### [Information supplied]

= Beginning of Section =

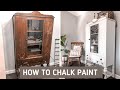 How To Chalk Paint | Rustoleum Chalk Paint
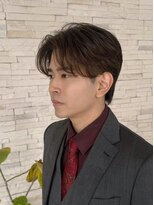 デビュー ヘアーメイク&nbsp;ダークアッシュ/ニュアンスパーマ/韓国マッシュ/スペインカール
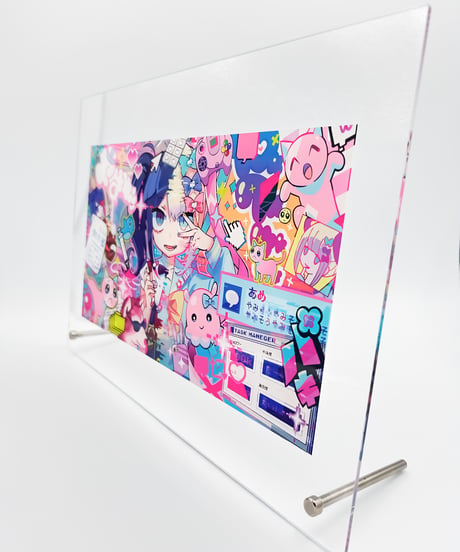 【事後通販】絵画レプリカアクリルスタンド【ニディガ展2】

= End of Section =

### [Exercise]
Everything in the material above should be reproduced exactly, except the pictures.

### [Answer space]
 How To Chalk Paint | Rustoleum Chalk Paint
 デビュー ヘアーメイク&nbsp;ダークアッシュ/ニュアンスパーマ/韓国マッシュ/スペインカール
 【事後通販】絵画レプリカアクリルスタンド【ニディガ展2】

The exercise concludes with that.